I appreciate the South Australian Cricket Association couldn’t ignore 140 years of history. Existing names were in place and had to be carried through. I also respect the SACA’s conscious decision to not name every square centimetre to allow for the inclusion of future champions.

Will former Australian cricket captain Karen Rolton be honoured? Photo: AAP

Will former Australian cricket captain Karen Rolton be honoured? Photo: AAP

But, no matter how you spin it, I still find it astonishing that not one person on that committee thought Karen Rolton, the former captain of Australia, was worthy of an honour somewhere in the half-a-billion-dollar redevelopment.

Her record speaks for itself. Not only did she captain her country, she retired as Australia’s highest run-scorer in women’s Test cricket and was named Australian women’s player of the year a record four times.

Pleasingly there are now plans in place to do something about the glaring oversight.

An “Avenue of Honour” will feature both women and men and a new set of honour boards acknowledging the outstanding achievements of the state’s female cricketers will hang alongside the men’s boards.

Perhaps most significantly there will be a substantial area inside the Oval named after a woman.

So did she by any chance captain Australia?

“I’m not allowed to say. That’s a very intelligent question but I can’t answer it,” SACA chief executive Keith Bradshaw told me recently.

The SACA had planned to unveil all three measures honouring women at the start of this cricket season but with the tragic death of Phillip Hughes the timing was deemed inappropriate.

“Certainly from our side, on the cricket side, we’ve always had a plan to honour women and we wanted to make sure we did it in the most appropriate manner.

“I don’t think it was a mistake. I think from our side we immensely value the contribution that women have made,” said Bradshaw, who didn’t sit on the selection committee.

To maximise exposure these unveilings will take place at the start of the next cricket season in October, at a time when women’s cricket in South Australia, like everywhere else in the country, is on the rise.

The women’s game in SA has become a strategic priority.

Over the past year the SACA has invested more heavily in its female programs at both the participation level and the top end, appointing the first full-time head coach of the SA Scorpions.

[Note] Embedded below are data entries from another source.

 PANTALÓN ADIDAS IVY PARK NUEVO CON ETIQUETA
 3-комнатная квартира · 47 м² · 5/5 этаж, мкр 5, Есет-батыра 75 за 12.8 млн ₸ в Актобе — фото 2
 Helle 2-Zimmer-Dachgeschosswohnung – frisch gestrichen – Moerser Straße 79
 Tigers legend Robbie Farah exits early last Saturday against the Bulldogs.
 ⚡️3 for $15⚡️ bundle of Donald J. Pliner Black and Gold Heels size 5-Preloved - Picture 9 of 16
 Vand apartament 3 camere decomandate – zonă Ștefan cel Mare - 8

Two highly regarded international players were also brought in, which saw the Scorpions go from bottom of the ladder to the final against New South Wales.

“It’s certainly not something we’re paying lip service to,” Bradshaw said.

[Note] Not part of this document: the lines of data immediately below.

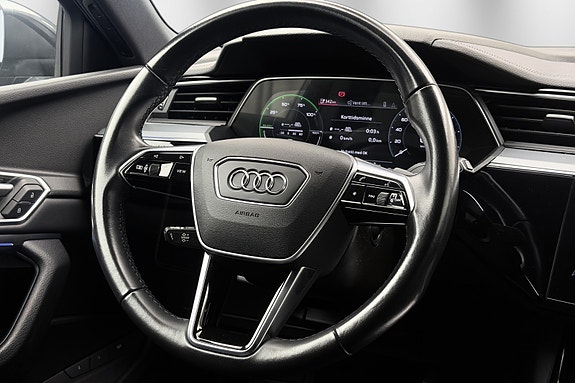 Audi e-tron 21 of 30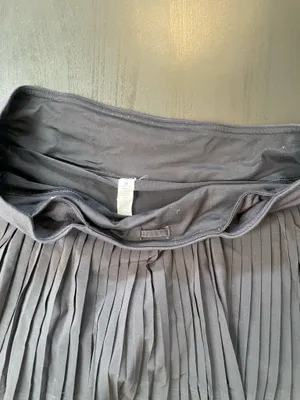 lululemon athletica Black Pleated Skirt with Hidden Zip Pocket thumbnail 6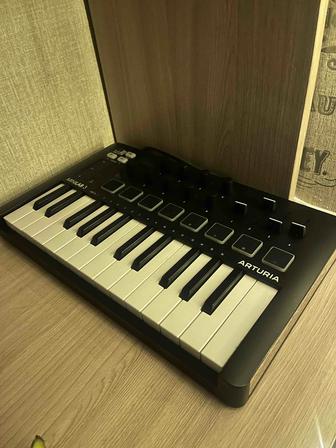 Продам Midi-клавиатуру Arturia Minilab MK3
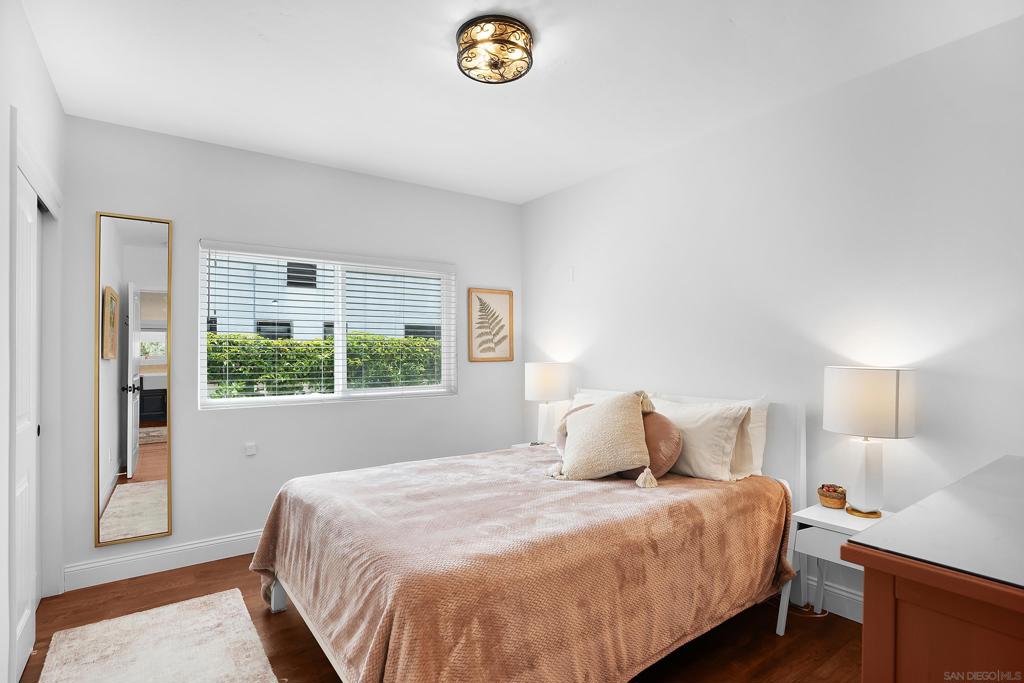 MLS #250035692SD img 28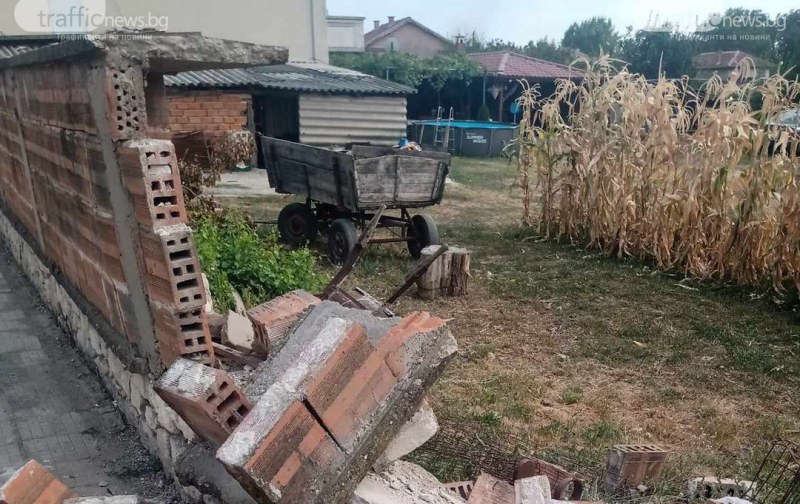 Водач с БМВ събори стена в Пловдивско и избяга ВИДЕО
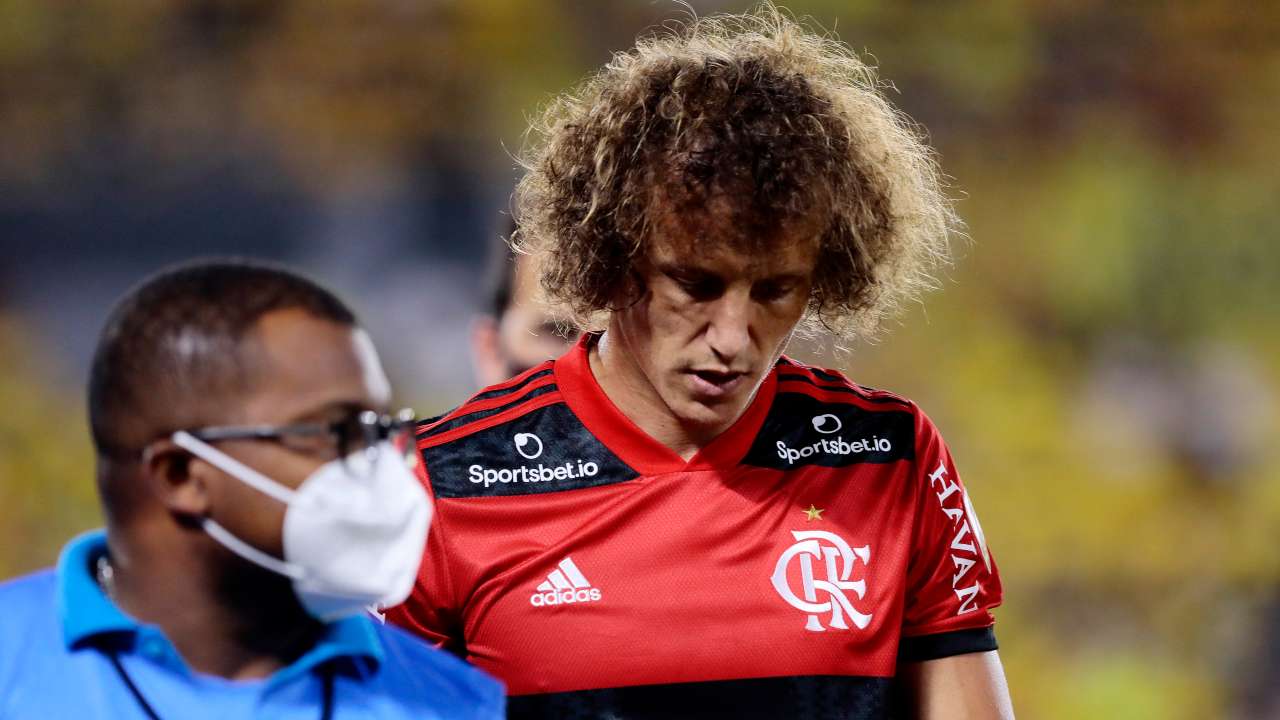 David Luiz abbandona il terreno di gioco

Faith Thomas, pictured here with Justin Langer, was the first Indigenous woman to play cricket for Australia. Photo: AAP

Faith Thomas, pictured here with Justin Langer, was the first Indigenous woman to play cricket for Australia. Photo: AAP

“We are genuinely investing in and we’re seeing fantastic returns and we want to see our women do well and succeed but we also want to provide the young girls with a pathway through so they can participate in the sport, they can enjoy the sport as players, spectators, coaches, umpires, scorers.”

The SACA should be applauded for the work it has done over the past year but it was wrong to ignore women at the grand opening of the new Adelaide Oval. It was a big occasion. It was an opportunity missed to send a powerful symbolic message about the value of women athletes and women’s sport.

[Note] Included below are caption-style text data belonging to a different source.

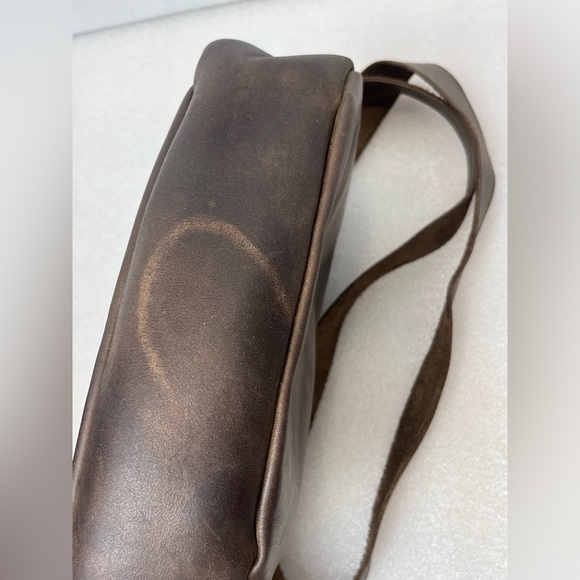 Hide & Drink, Everyday Crossbody Bag Handmade Leather - Picture 8 of 9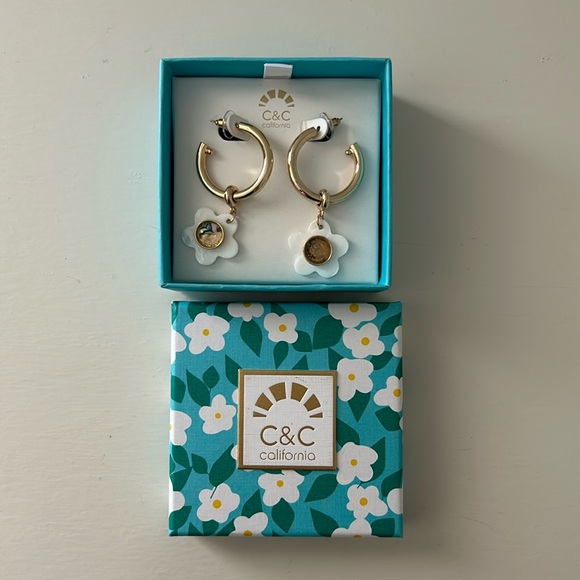 NWT C&C daisy & marble gold hoop earrings - Picture 2 of 2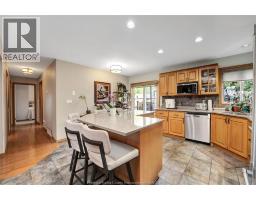 398 THORN RIDGE CRESCENT - 20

It would not have been tokenistic, as South Australian football legend Graham Cornes and others have suggested. Rolton, Lyn Fullston, Joanne Broadbent, Jill Kennare and Faith Thomas are all trailblazers in the sport of cricket and deserve recognition.

Speaking at the Melbourne International Women’s Day Breakfast hosted by UN Women this week, Cricket Australia CEO James Sutherland took aim at the failings of cricket to include and respect women:

“Despite the long history, it is fair to say cricket has been conservative and generally reluctant to promote female involvement in the game,” Sutherland said.

“In some parts, cricket has deserved the suggestion that it was predominantly ‘pale, male and stale’. Whilst slow to get going, we are now determined to make up for lost time. “

Thankfully the “pale, male and stale” tag is slowly disappearing.

When it finally does, cricket will be the richer for it.